Jakarta, KomentarNews – Badan Meteorologi, Klimatologi, dan Geofisika (BMKG) mengeluarkan peringatan dini terkait potensi gelombang tinggi yang diperkirakan terjadi di sejumlah wilayah perairan Indonesia pada tanggal 25 hingga 28 Mei 2026. Ketinggian gelombang diprediksi mencapai hingga 4 meter di beberapa titik.
Peringatan ini disampaikan BMKG menyusul analisis pola angin yang menunjukkan peningkatan kecepatan di sejumlah wilayah perairan Indonesia dalam beberapa hari ke depan .
“Pola angin di wilayah Indonesia bagian utara umumnya bergerak dari tenggara hingga barat daya dengan kecepatan angin berkisar 6-32 knot, sedangkan di wilayah Indonesia bagian selatan umumnya bergerak dari tenggara hingga barat laut dengan kecepatan angin berkisar 3-26 knot,” tulis BMKG dalam keterangannya, Senin (25/5/2026) .
“Kecepatan angin tertinggi terpantau di Samudra Pasifik utara Papua,” imbuh BMKG .
Kondisi inilah yang menyebabkan peningkatan gelombang di berbagai perairan Indonesia .
BMKG memetakan beberapa wilayah yang berpotensi mengalami gelombang tinggi dalam kategori 2,5 hingga 4 meter yang berbahaya bagi kapal ferry dan kapal besar. Wilayah-wilayah tersebut antara lain:
Selat Malaka bagian utara
Samudra Hindia barat Aceh
Samudra Hindia barat Kepulauan Nias
Samudra Hindia barat Kepulauan Mentawai
Samudra Hindia barat Bengkulu
Samudra Hindia barat Lampung
Samudra Hindia selatan Banten
Samudra Hindia selatan Jawa Barat
Samudra Hindia selatan Jawa Tengah
Samudra Hindia selatan DI Yogyakarta
Samudra Hindia selatan Jawa Timur
Sementara itu, gelombang dengan kategori sedang (1,25 – 2,5 meter) diprediksi terjadi di:
Samudra Hindia selatan Bali, NTB, NTT
Laut Sulawesi bagian barat, tengah, dan timur
Samudra Pasifik utara Maluku
Laut Maluku
Samudra Pasifik utara Papua Barat Daya, Papua Barat, dan Papua
Menyikapi potensi bahaya ini, BMKG mengimbau masyarakat, khususnya nelayan dan operator kapal, untuk selalu waspada dan mematuhi batasan kecepatan angin serta tinggi gelombang untuk setiap jenis armada .
Berikut adalah tabel mitigasi yang dikeluarkan BMKG untuk keselamatan pelayaran :
| Jenis Kapal | Batas Kecepatan Angin | Batas Tinggi Gelombang |
|---|---|---|
| Perahu Nelayan | > 15 knot | > 1,25 meter |
| Kapal Tongkang | > 16 knot | > 1,5 meter |
| Kapal Ferry | > 21 knot | > 2,5 meter |
| Kapal Kargo/Pesiar | > 27 knot | > 4,0 meter |
“Dimohon kepada masyarakat yang tinggal dan beraktivitas di pesisir sekitar area yang berpeluang terjadi gelombang tinggi agar tetap selalu waspada,” imbau BMKG .
Potensi gelombang tinggi ini tidak hanya membahayakan aktivitas pelayaran, tetapi juga mengancam warga yang bermukim di wilayah pesisir, seperti di sepanjang pantai barat Sumatera dan selatan Jawa.
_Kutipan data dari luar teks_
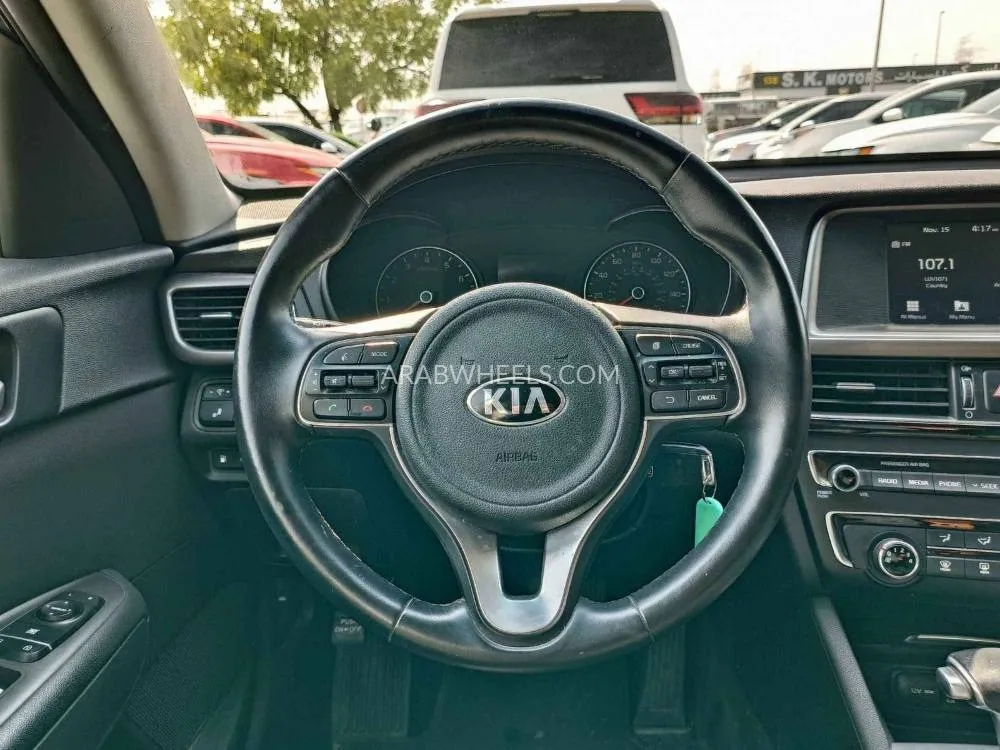 Kia Optima 2018 for Sale in Dubai Image-11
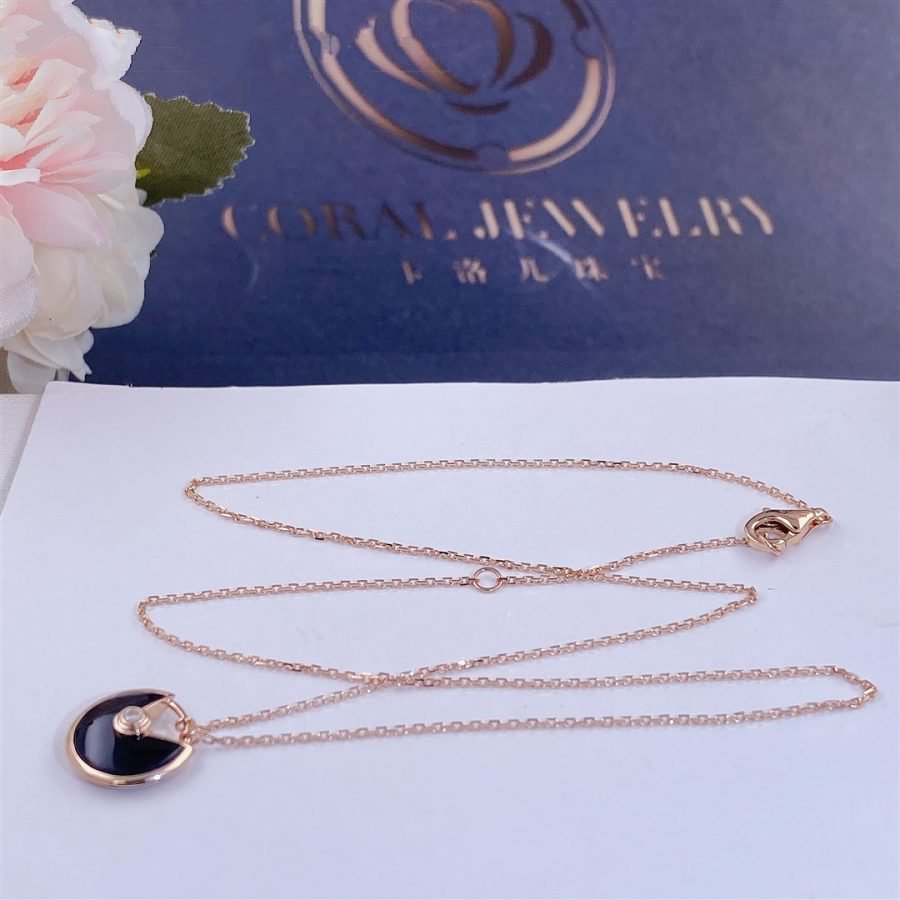 Miro AMULETTE ROSE GOLD ONYX NECKLACE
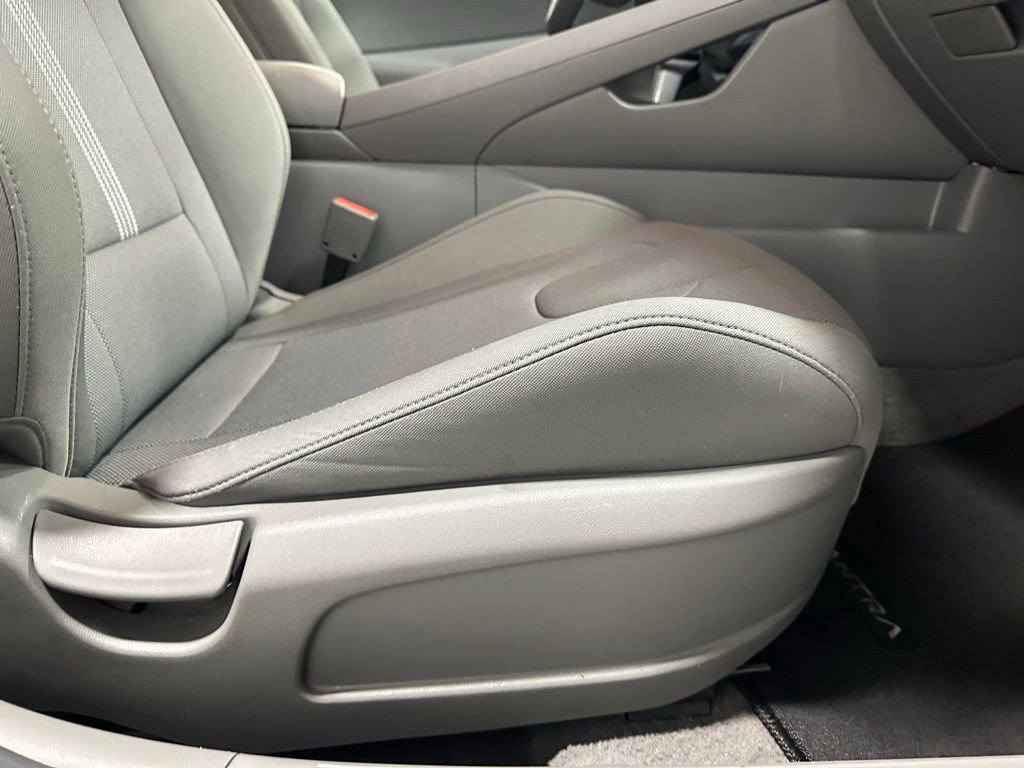 Used 2025 Hyundai Elantra SE image 52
Masyarakat diimbau untuk tidak melakukan aktivitas di sekitar bibir pantai selama periode peringatan ini berlangsung.
“Dimohon kepada masyarakat yang tinggal dan beraktivitas di pesisir sekitar area yang berpeluang terjadi gelombang tinggi agar tetap selalu waspada,” kata BMKG.